部品標準化と部品共通化の違い
2019/03/11
モジュラーデザインを取り組むことによる大きな効果の1つとして、部品標準化・共通化が進むことで、設計工数削減や新規部品の削減に伴う不具合低減、生産効率化、調達コスト削減、各種管理コスト削減があげられます。ここでいう部品標準化・共通化とは、部品少数化(種類数を削減)を分類したもののことを指しています。部品少数化の分類を図1に示します。
部品標準化
モジュラーデザインでは、一括企画とも呼ばれるように、市場分析・競合分析・技術ロードマップ・VOC分析等といった活動により未来を見据えた製品ラインアップ検討を理論的に分析します(本コラムでは割愛しますが、この本来の製品開発で実施すべき理論的分析にモジュラーデザイン成功の鍵があるともいえます)。モジュラーデザインによる部品標準化は理論的分析によって実現されます。製品ラインアップ検討において製品のサイズや能力といった設計仕様にモジュール数を適用することで、類似する製品シリーズを超えて部品が少数化します。新製品の企画段階から製品ラインアップをきちんと整備するため、部品標準化の適用率や範囲も広く高い効果が望める反面、準備や分析に時間を要します。図2では、顧客要求仕様や製品仕様を元に製品のラインアップを標準化し、個別の製品を設計する際は、製品システム構成や設計部品表を介して設計仕様を決定する流れを示しています。
部品共通化
一方、部品共通化は既存製品を横並びで検討するところから始まります。部品や部位を軸に過去の類似製品群を比較し、共通化の可否を検討します(図3)。この際、形状が似ているからといった表面的な理由だけで共通化すると、実際の設計では様々な制約により共通化が不可能であったり、実は最もコスト(調達コストのみでなく製造や管理コスト含めたトータルコスト)が高いものであったりと共通化が進まない要因となります。部品を設計するうえでの設計根拠や設計手順を洗い出し、共通化が可能かしっかりした検討が必要です。
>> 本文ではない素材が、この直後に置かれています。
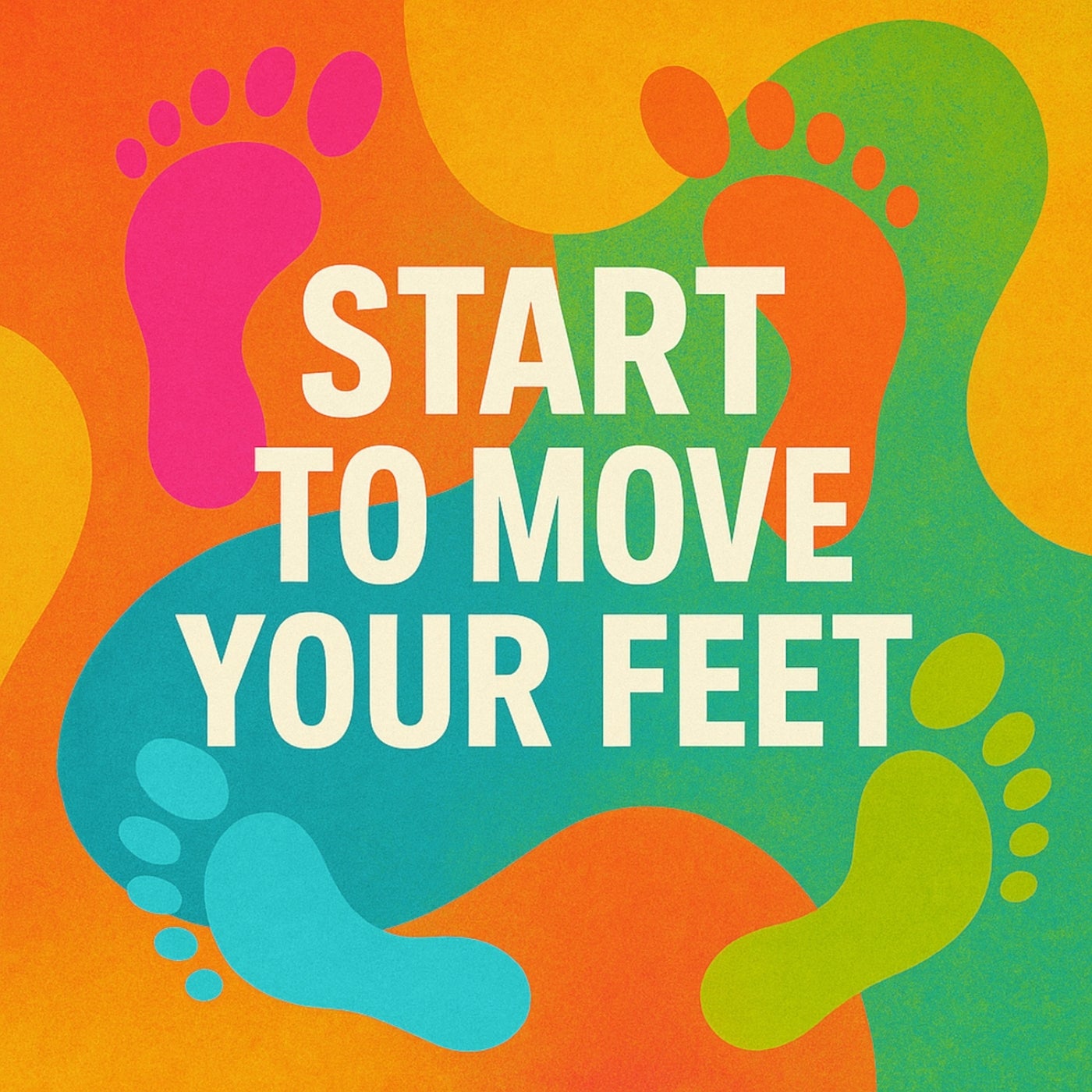Start to Move Your Feet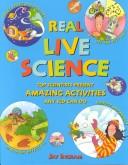 Cover of: Real live science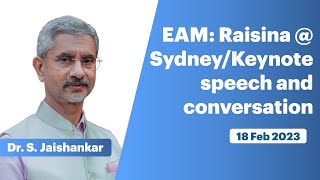 EAM: Raisina @ Sydney/Keynote speech and conversation (February 18, 2023)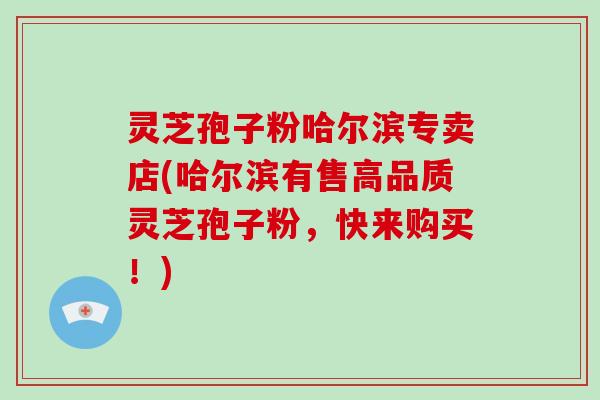 灵芝孢子粉哈尔滨专卖店(哈尔滨有售高品质灵芝孢子粉，快来购买！)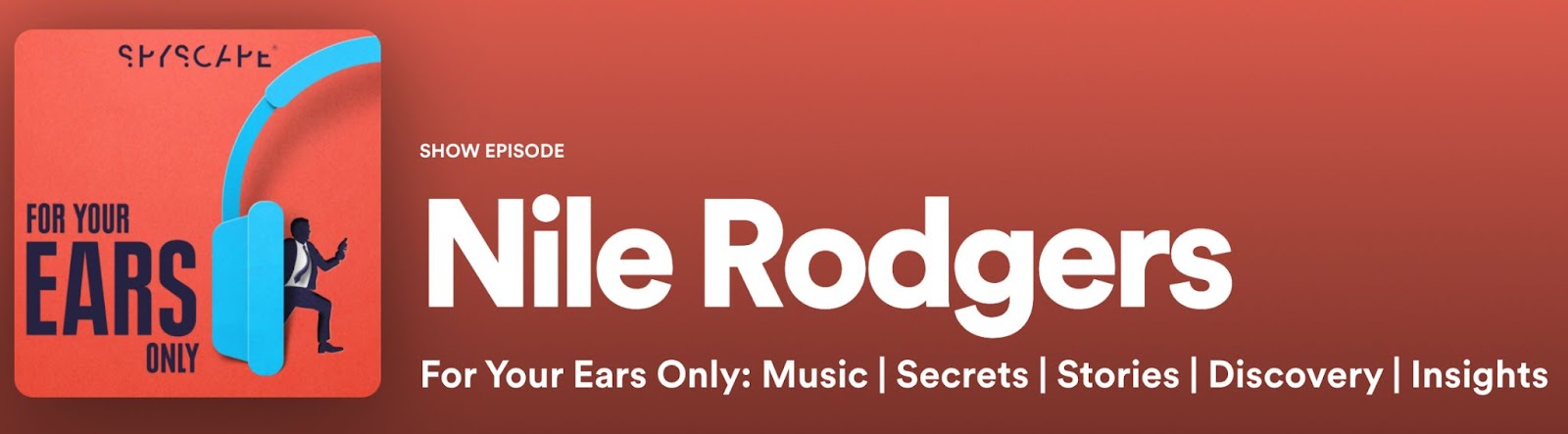 Nile Rodgers, For Your Ears Only podcast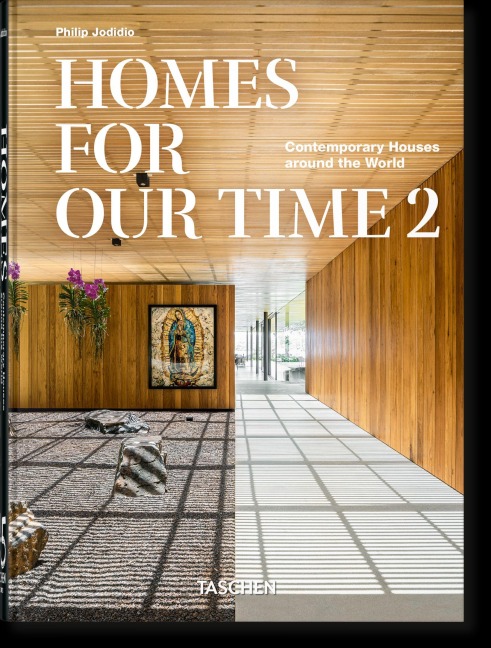 Homes For Our Time. Contemporary Houses around the World. Vol. 2. 45th Ed. - Philip Jodidio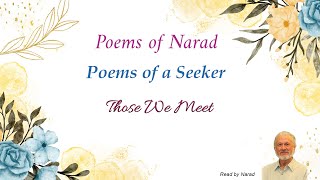 Poems of Narad - Poems of a Seeker - Those We Meet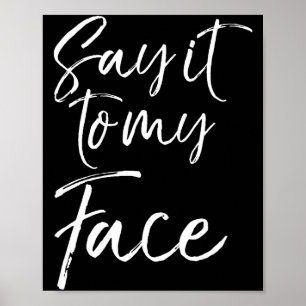 Election Shirt Quote For Women Gift Cute Say It To Poster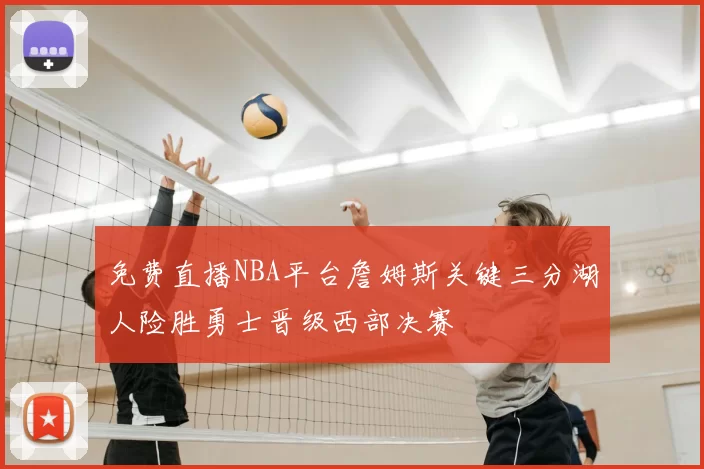 免费直播NBA平台詹姆斯关键三分湖人险胜勇士晋级西部决赛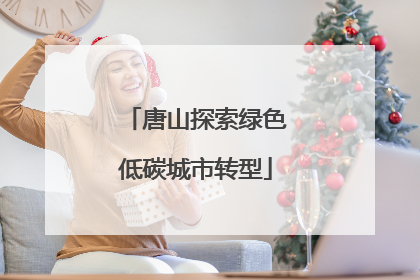 唐山探索绿色低碳城市转型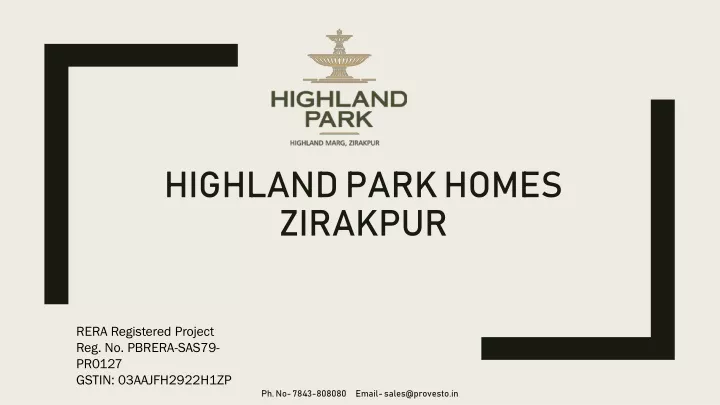 highland park homes zirakpur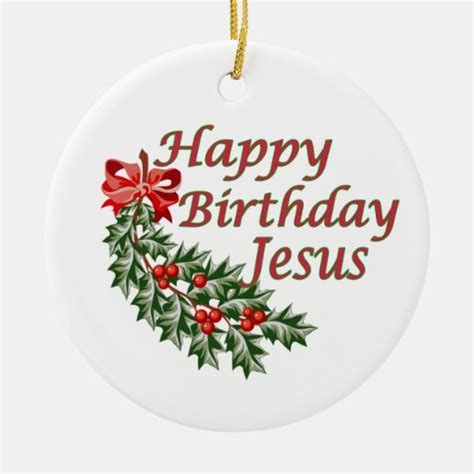 Happy Birthday Jesus Ornament | Zazzle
最後に、モジュラーデザインによる部品標準化と部品共通化は、どちらが正しいというものではなく、製品や事業の特性に合わせてより効果的な手段をとるべきです。選択する1つの視点としては、製品サイクル、技術・市場の新規性、社内事業戦略の充足度等があげられます。技術・市場の新規性を例にとると、技術的に衰退期であり市場分析や競合分析による未来の製品ラインアップに変化が少ないと想定される場合は部品共通化が効果的、といったものです。本コラムでは詳細に言及しませんが、詳しく知りたい方は、書籍「実践モジュラーデザイン(改訂版)」の製品モデルの確立の章などをお読み頂けると幸いです。